Bishop Edward J. Burns greeted Gloria Haddock after celebrating a special Christmas Mass with seniors of St. Joseph Residence on Dec. 2. (Ben Torres/Special Contributor)
By Father John Bayer
Special to The Texas Catholic
In the span of about two weeks I received 15 cards encouraging me as a priest. One person, who signed herself as “Your spiritual mother,” wrote, “May you be strong against temptations. Take heart as we face the current scandals in the priesthood.” Another wrote, “To live is Christ!” Another, “We are praying for you during this difficult time for our faith.” The people who wrote these cards offered for me their Mass intentions, hours in adoration, rosaries, chaplets, and several other prayers and devotions.
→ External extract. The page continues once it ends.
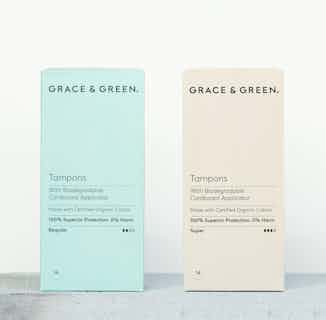 Organic Cotton Biodegradable Applicator Tampons | Various Pack Sizes from Grace and Green in eco friendly feminine hygiene products, sustainable hygiene products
Needless to say, it was very moving for me to see these many cards flooding my mailbox! To those who sent them to me and to other priests, thank you!
In tough times, it is important to encourage each other, even though, if I am honest, I do not feel that I suffer much as a priest. Sure, there is the fatigue of work and pastoral responsibility. Imagine, for example, what it is like to search with real concern for words to console such a variety of people, one after the other, in the confessional. The more you love, the more solicitous you will become — and solicitude, if not experienced in faith, is just another word for anxiety. Sure, I have had some negative encounters wearing my monastic robes in public (which, I must add, have been far outweighed by the positive encounters). Sure, there are moments of disillusionment and scandal upon reading the news, and so on. But on the whole, I have to say that I do not feel I have suffered very much for being a priest.
On the contrary, I am excited for the future. I am baptized, and I have the most encouraging message to preach to the world: “For God did not destine us for wrath, but to gain salvation through our Lord Jesus Christ, who died for us, so that whether we are awake or asleep we may live together with him” (1 Thessalonians 5:9-10). Whatever mistakes I fear I might make as a pastor, whatever public insults or shame priests might receive, or whatever sad headlines I might read next, the real story is always beautiful: God created the world to express his own love, and every atom and life is subject to his design.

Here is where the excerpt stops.